US Resists Changing Stance Amid Climate Warnings
USA: December 16, 2004


BUENOS AIRES, Argentina - Meteorologists warned on Wednesday that 2004 would be one of the hottest years since records began as environment ministers tried to crack US resistance to joining international efforts against global warming.

 


The Geneva-based World Meteorological Organization said in its annual report that 2004 would be the fourth-hottest since record-keeping began in 1861 and predicted global warming would continue with more extreme weather like hurricanes and droughts.

The report came as environment ministers from 80 countries met on Wednesday for the final days of a UN conference on climate change.

The conference of nearly 200 nations has turned into a polarized affair, with the European Union and nations supporting the Kyoto protocol to cut greenhouse gases in one camp and the United States, the world's biggest polluter, in the other.

Just two months before Kyoto goes into force thanks to Russia's recent ratification, the United States has made it very clear it will not sign up for Kyoto's mandatory caps on emissions after President George W. Bush withdrew from the agreement in 2001.

The US delegation has also said repeatedly over the last nine days that it is "premature" to negotiate anything for when Kyoto expires in 2012.

That stonewalling has earned the United States few friends at this tenth United Nations meeting, where many of the 6,000 participants wear cords around their necks saying: "No to Bush, Yes to Kyoto."

But the head of the US delegation, Paula Dobriansky, said the perception that Washington is resistant to global climate change efforts was unfair.

"We believe we have a common goal and a common commitment, and that there are multiple strategies to reach that. So I think we're very committed to working with others," Dobriansky told Reuters late on Tuesday.

British Prime Minister Tony Blair will be working to soften Bush on climate change during its G8 presidency next year, but analysts believe he will be unsuccessful.

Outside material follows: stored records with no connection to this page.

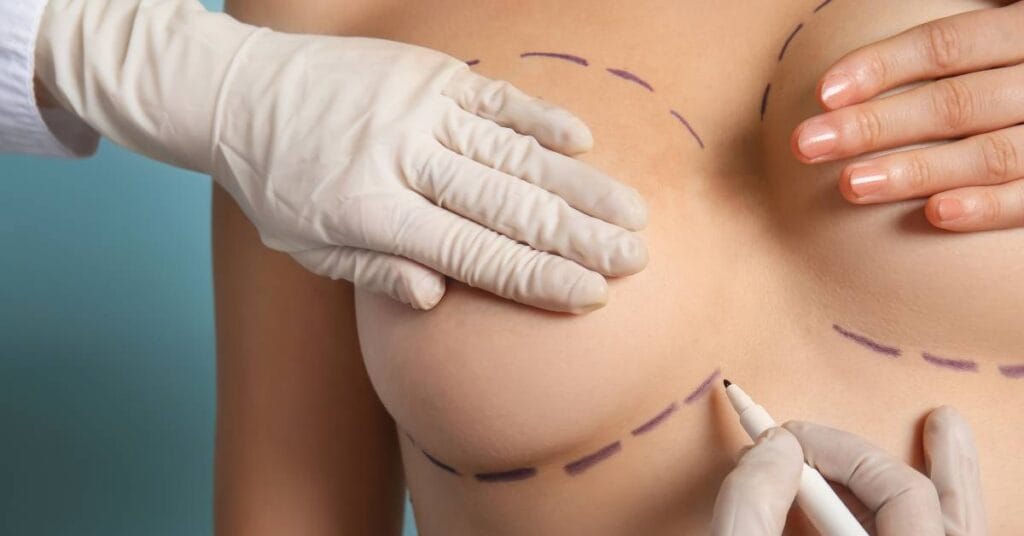 rozmiar piersi operacja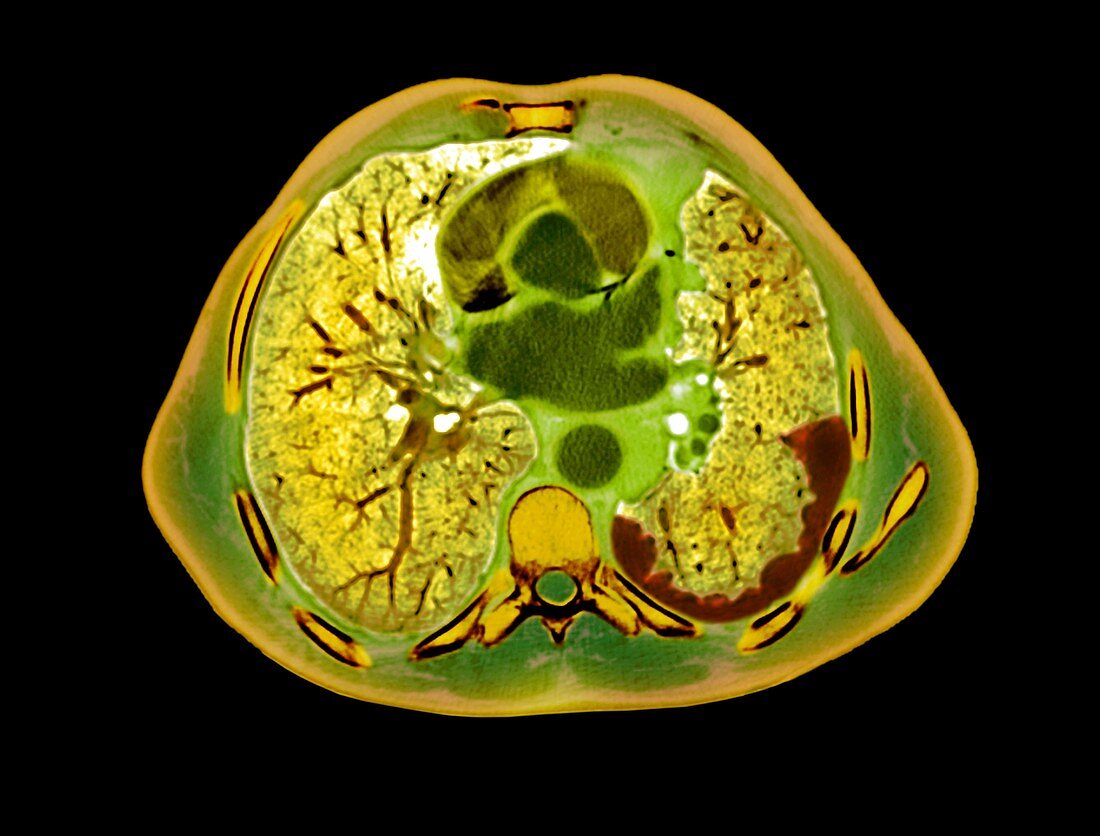 Mesothelioma lung tumour,CT scan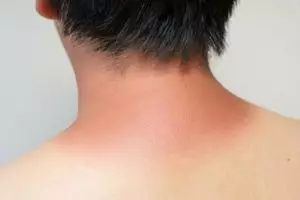 Tak cukup sabun biasa, ini cara putihkan kulit badan belang dan gelap pakai 1 produk olahan susu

Although responsible for 25 percent of the world's emissions, the United States wants no legally binding rules that could hurt economic growth and it says it is not convinced by scientific evidence of a planet in crisis.

INFORMAL AGREEMENT?

The US position got a boost, however, from Italy in Buenos Aires as it called for an end to the binding agreements of the Kyoto protocol after 2012 in favor of voluntary targets that would entice the United States, China and India.

Kyoto, which will reduce emissions by five percent in industrialized nations, is only a first step and excludes developing countries like China and India, who are already among the top five polluters.

The European Union, the world leader in the fight to cut heat-trapping gases, tried to quell notions of dissent in its ranks.

"What the Italian minister said is quite right. We have to involve the fast-growing developing countries and the United States in the after-2012 regime," said Dutch Environment Minister Pieter van Geel, heading the EU delegation.

EU commissioner for the environment, Stavros Dimas, indicated that Buenos Aires is the very beginning of a long process. He hopes for "an informal agreement for the process for paving the way to launching negotiations for post-2012."

Environmental activists, meanwhile, are exasperated by the lack of urgency at the conference, which they blame on excessive deference to an unwilling United States.

"We could be leaving this city without any achievement," said Gurmit Singh of the Climate Action Network in Southeast Asia.

One of the conference's main goals is to approve an aid package for developing countries to adapt to climate change. But a powerful Saudi Arabia delegation led by Oil Minister Ali al-Naimi is seen blocking that effort.

"For them, it's a principle to block the negotiations because they are involved with US oil and other fossil fuel industries which have no interest in Kyoto," said Stephan Singer of WWF.